Following an exhaustive search for information in the different data bases and their coding it is necessary and recommendable to assess the quality of evidence and risk of bias, using well established tools to help generate recommendations. A multitude of scales and lists have been identified to assess the validity and quality of the studies. All of these require training and identification of three basic aspects to assess: internal validity, results (magnitude, direction and precision), and external validity.6,7

Internal validity refers to the ability to avoid systematic errors (biases) through study design and completion while external validity is related to the generalisation or applicability of results of a specific population group.

The main types of biases are: selection bias, related to the process of comparable group recruitment (random assignation of treatments, concealment); performance bias related to the differences in attention offered; attrition and loss bias, related to the losses of participants during the study and detection bias, related to the systematic differences between the groups of comparison in assessment of results.

Risk of bias assessment should be made by two independent researchers and should be blind.
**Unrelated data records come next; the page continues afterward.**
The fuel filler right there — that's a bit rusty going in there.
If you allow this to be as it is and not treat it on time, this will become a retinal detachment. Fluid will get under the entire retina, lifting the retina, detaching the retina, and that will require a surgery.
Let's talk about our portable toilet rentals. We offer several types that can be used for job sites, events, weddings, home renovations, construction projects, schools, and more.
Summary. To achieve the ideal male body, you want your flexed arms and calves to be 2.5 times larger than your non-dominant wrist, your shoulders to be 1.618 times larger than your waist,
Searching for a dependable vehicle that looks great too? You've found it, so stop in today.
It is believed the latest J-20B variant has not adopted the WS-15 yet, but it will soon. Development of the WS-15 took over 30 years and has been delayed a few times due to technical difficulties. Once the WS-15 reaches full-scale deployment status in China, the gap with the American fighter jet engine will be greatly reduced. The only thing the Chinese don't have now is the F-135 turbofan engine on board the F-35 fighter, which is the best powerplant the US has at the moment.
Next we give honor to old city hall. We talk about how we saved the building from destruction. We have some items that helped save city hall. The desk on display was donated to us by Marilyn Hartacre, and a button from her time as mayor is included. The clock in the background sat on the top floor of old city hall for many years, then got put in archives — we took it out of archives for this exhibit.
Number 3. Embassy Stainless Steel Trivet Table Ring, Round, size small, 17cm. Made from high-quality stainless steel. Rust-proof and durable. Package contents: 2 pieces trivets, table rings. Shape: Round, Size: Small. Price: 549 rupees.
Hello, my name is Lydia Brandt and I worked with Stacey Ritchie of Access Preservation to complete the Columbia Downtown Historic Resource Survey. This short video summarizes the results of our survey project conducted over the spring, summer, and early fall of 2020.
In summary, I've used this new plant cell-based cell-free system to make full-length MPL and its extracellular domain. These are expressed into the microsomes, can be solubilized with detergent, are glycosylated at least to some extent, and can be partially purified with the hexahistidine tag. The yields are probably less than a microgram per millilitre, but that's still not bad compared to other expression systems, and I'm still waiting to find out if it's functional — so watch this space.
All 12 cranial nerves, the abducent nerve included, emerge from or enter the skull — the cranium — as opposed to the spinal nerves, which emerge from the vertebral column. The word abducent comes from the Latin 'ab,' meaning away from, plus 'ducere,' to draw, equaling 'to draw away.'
For intervention studies one of the most common risk of bias assessment tools is the Cochrane Collaboration. This tool includes variables such as randomisation, allocation concealment sequence, participant and assessor blinding, follow-up losses, data analysis management and reporting of results, and classifying the risk of bias into high, low and unclear risk.3

For non experimental studies there are different methods of assessment. Some authors suggest the Newcastle-Ottawa scale or the ACROBAT-NRSI tool, developed by the Cochrane Collaboration. Useful verification lists for improving article publication also exist. However, quality is not ensured by whether they are well written or not. These tools are: STROBE (observational studies), STARD (diagnostic method studies), CONSORT (experimental studies) and Preferred Reporting Items for Systematic reviews and Meta-analysis (PRISMA).4,8,9

Data from a SR used appropriately are a very useful tool for reaching conclusions which may help to avoid interpretation errors. Firstly, individual study data should be obtained and later statistical methods may be used to summarise these data.3 The findings from these studies are systematically organised and contained in a summary table, preventing any inclusion of comparisons or results about which there are no data. Results are aggregated to form a graph on clinical intervention efficacy. The most common manner of presenting data is through a graph called “forest plot” or diagram of effects, which shows the results of a meta-analysis (Fig. 2). In this graph the results from each study are represented by an OR (odds ratio) with a square (effect size summary measurement) and a horizontal line (confidence interval [CI] of 95%). The size of the square varies depending on the amount of information each study has and the length of the line represents the precision of the effect of treatment. As a result, the longer the line, the lower the effect size will be (normally, due to the small sample size) and the less power to detect significant differences. When there are no differences between treatments, the OR is 1, implying the value of non effect and is represented by a vertical line; values less than 1 are to the left and correspond to the favourable effect of the treatment. If meta-analysis is conducted, the OR is represented with a rhombus.5,10,11

Figure 2.

Representation outline of meta-analysis primary studies using forest plot or diagram of effects.

Own source. Adapted from Urrutia and Bonfill.9

(0.21MB).

After confirming that results may be combined, the heterogeneity is assessed to ask whether study results are similar or homogeneous and may be combined with one another. To do this, the CI of each study is assessed and if they do not overlap they cannot be combined, because the observed differences are not randomly explained. Statistical tests which assess heterogeneity are usually lower in statistical power.3,8,10,11 The homogeneity test may be carried out using the chi square test and if the result is not statistically significant it is interpreted that the studies are homogenous and may be combined. If in contrast the result is significant (p<.01), the conclusion is that they are heterogeneous and not combinable. In this case the authors may decide to terminate the study or continue with analysis to measure the magnitude of the effect.

Apart from the OR, another statistic used is the number needed to treat (NNT), which is obtained from the risk difference, a useful form of expressing the results.

Sometimes it is interesting to conduct a subgroup analysis to evaluate a highly specific group of participants. However, this type of analysis should be minimized when possible.

Different statistical programmes are available for SR evaluation. One of the most commonly used is Review Manager (RevMan), a statistics software from the Cochrane Collaboration for SE and meta-analysis which interacts with GRADEpro to generate summary tables and evaluation of evidence. Other programmes which offer good results are Stata® and the R programmes®.4,7

Aspects such as solidity of evidence, applicability of results, risk-benefit balance or intervention costs may be of some help when taking decisions and should be discussed.

One of the most important aspects of SR is to become aware of the primary information obtained from results and decide to what extent it may be applied to certain patients. However, it is only through care that the professionals may decide whether the results are clinically relevant to be applied to specific patients in different environments.

The volume and capacity of what we know exceeds our individual capacity and the benefits may thereby be safely and reliably put to correct use.

The author has no conflict of interests to declare.